Greenways move from England in 1974 for new life in Stockbridge

by Suzi Greenway

Dick Greenway and I bought the little house on Cooper Road on Nov. 2, 1974. We were married that January in Reigate, Surrey, England, and came over to the U.S. for a holiday to see my family in June.

On the airplane back to the U.K., we looked at each other and decided to move here. In one month, we sold or gave away everything we did not need to bring and flew here with trunks of our belongings on the plane to start a new life.

I found the house for sale in a small ad in the Lansing State Journal and came to look at it alone the next day. I pulled into the driveway, never got out of the car, and knew it was my home. It took Dick a little longer than a walk-through  with the agent.

We brought a rollaway bed with us in that big Chrysler Newport and after signing the papers in Fowlerville, drove to Stockbridge to open an account with Stockbridge State Bank. At that time, I had not taken Dick’s last name, so sitting in the bank with me at 21 and Dick, 23, we looked like co-habitating hippies. We thought, how are we going to be perceived in this new area?

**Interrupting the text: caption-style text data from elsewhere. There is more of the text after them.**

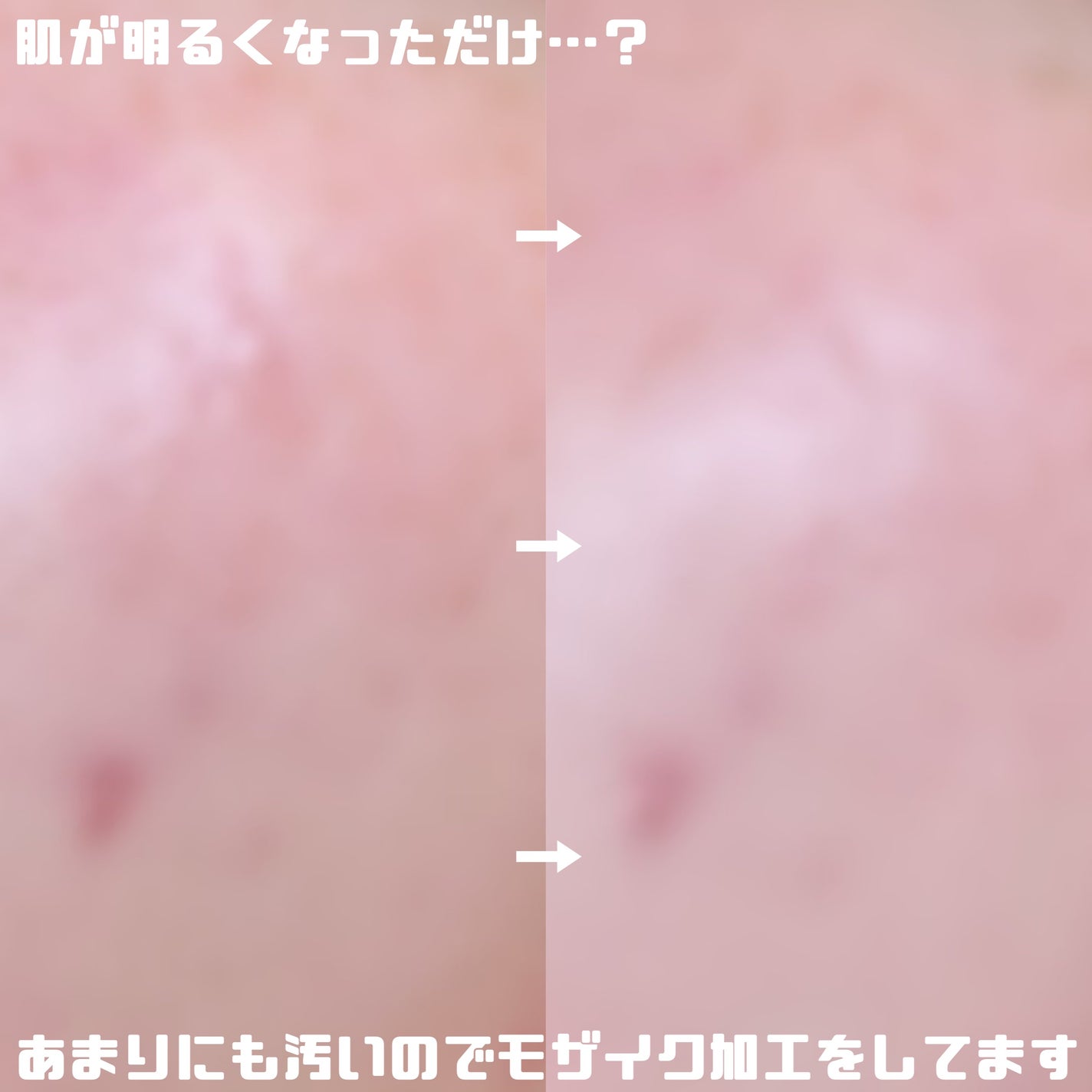 ダブル セラム バーム ファンデーション/Dr.Althea/クリーム・エマルジョンファンデーションを使ったクチコミ(4枚目)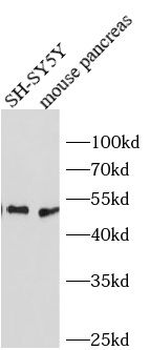 INSM1 Rabbit Polyclonal Antibody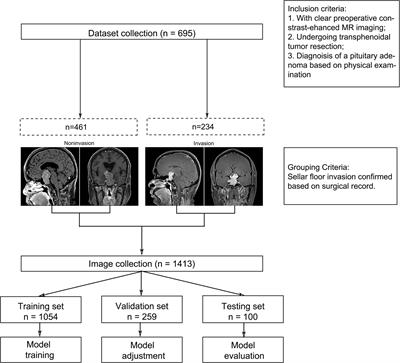 A Convolutional Neural Network Model for Detecting Sellar Floor Destruction of Pituitary Adenoma on Magnetic Resonance Imaging Scans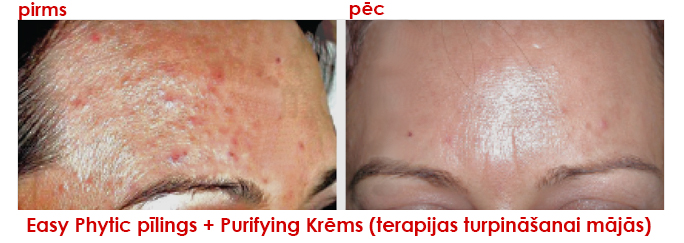 Easy Phytic pīlings + Purifying Krēms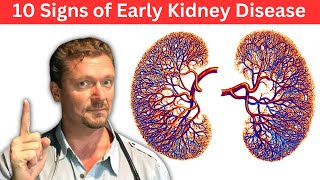 10 Signs of Early Kidney Disease amp Kidney Labs You Need [upl. by Mulligan]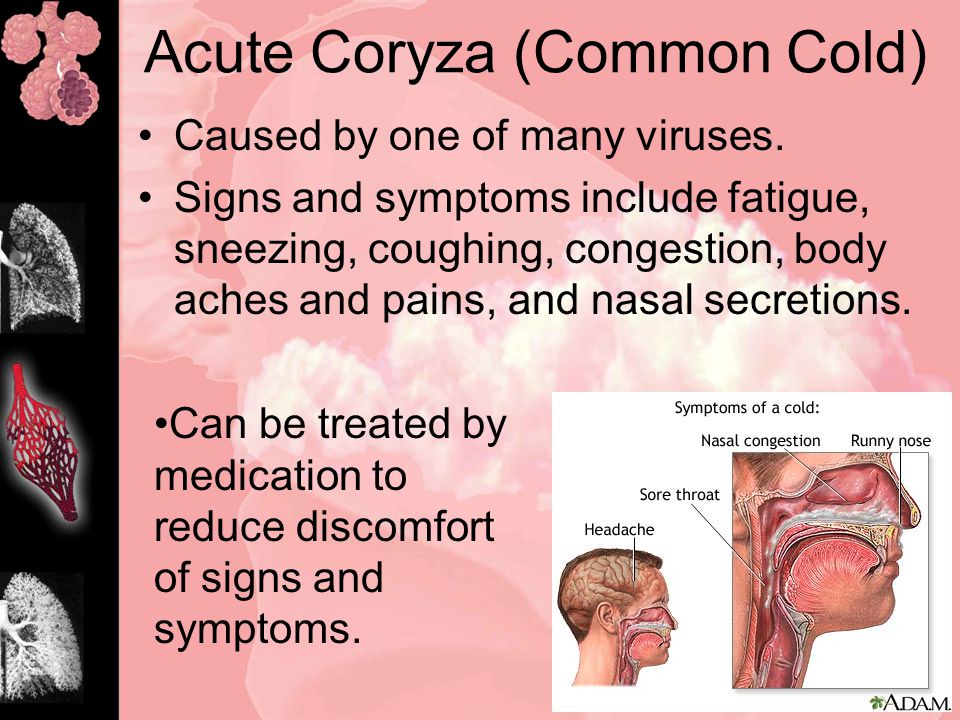 Acute Coryza (Common Cold) Caused by one of many viruses.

I took his name that day in the bank.

We lay on the rollaway bed in sleeping bags in what to us was a wilderness. Noises outside the house terrified us. Was someone in our driveway? Were hunters sitting outside waiting for dawn? The raucous culprit turned out to be the electric meter, noisy in contrast to everything else so quiet.

The corn in the back field was being harvested when we moved in the next Saturday, and my friends who came to help thought the move was madness. But to us, it was liberty, freedom and space from England, a country that had stifled our dreams of more self-sufficiency.

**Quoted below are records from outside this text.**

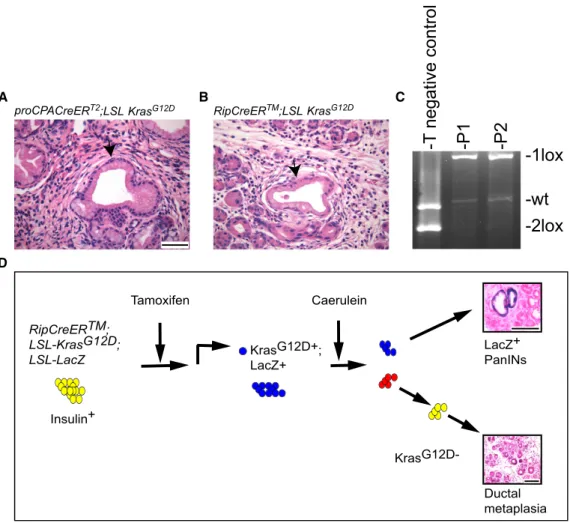 Figure 5. Chronic Pancreatitis Promotes mPanIN Formation in Mouse Models Largely Refractory to Kras G12D Activation Alone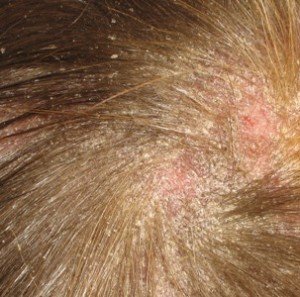 Паразити при морските свинчета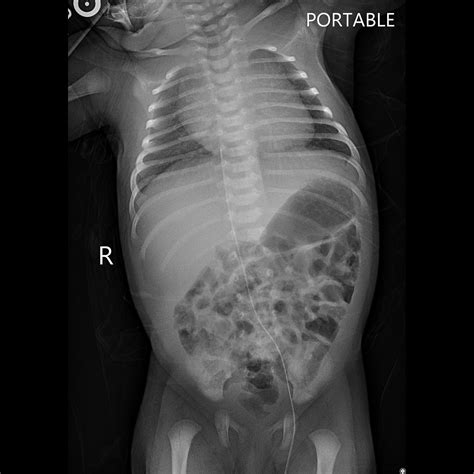Ultimax-i X-ray Clinical Gallery | Canon Medical Systems USA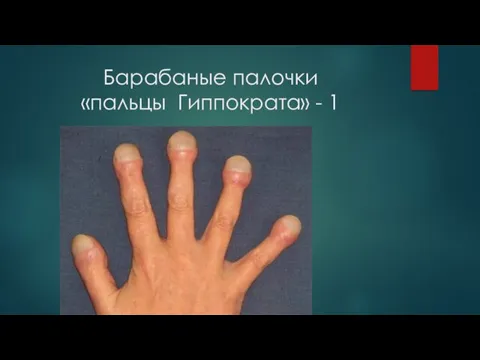 Барабаные палочки «пальцы Гиппократа» - 1
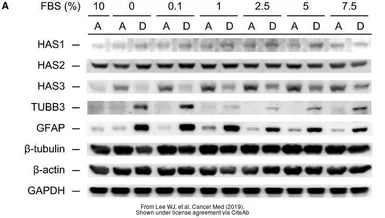 Anti-beta Tubulin antibody [D66] used in Western Blot (WB). GTX11307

In 1976, we built a pole barn and took down the one-car garage, which had actually served as a migrant home and was moved here from down the road. We used the wood from the garage to frame in a back porch and turn it into a family room. Barn siding from a barn that was being taken down made a fine lining for the back wall.

Forty-seven years later, people who see my home often say they see my heart, and they are correct.

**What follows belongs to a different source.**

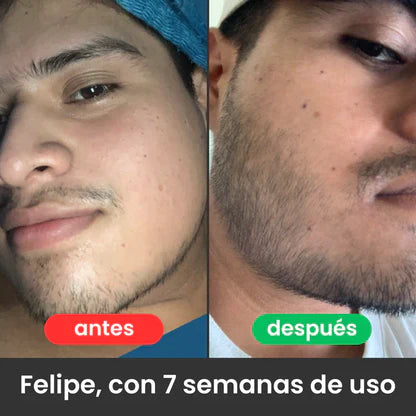 Bálsamo para Crecimiento de Barba Ultra Potente con Minoxidil 20% | 100mL 😍🦁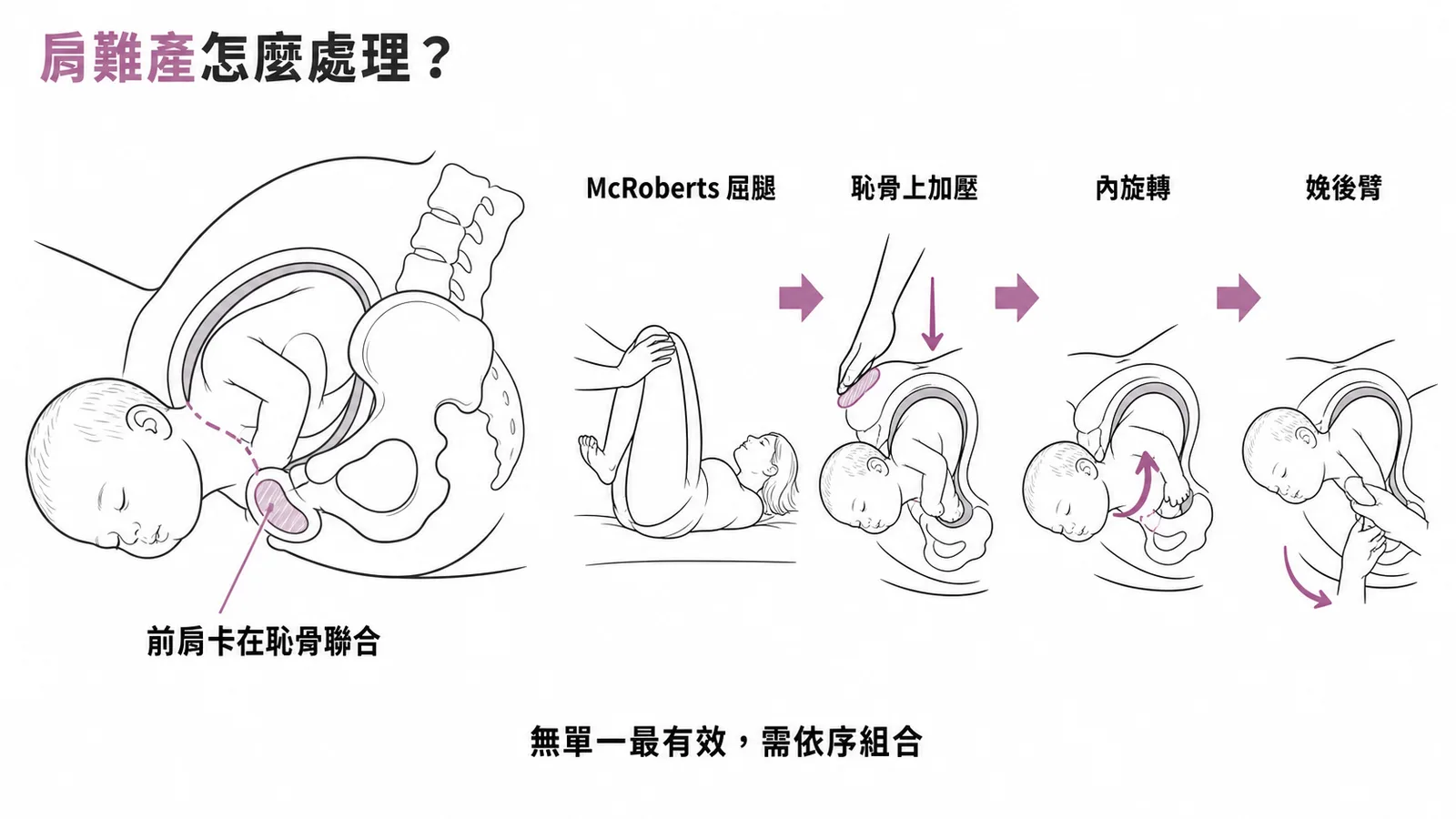 肩難產 HELPERR 處理流程示意圖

According to author Suzi Greenway, “The one to the left is the back porch as it was when we bought the place with my Dad, Dick Greenway on the porch, and me in my please note “Jenny coat” from Forrest Gump when she met him at the Washington monument. Yes, I had that same kind of coat. It is YAK from Afghanistan!”
The person on the right is Dick saying, “This is all mine.” The little garage the couple took down can be seen in the background.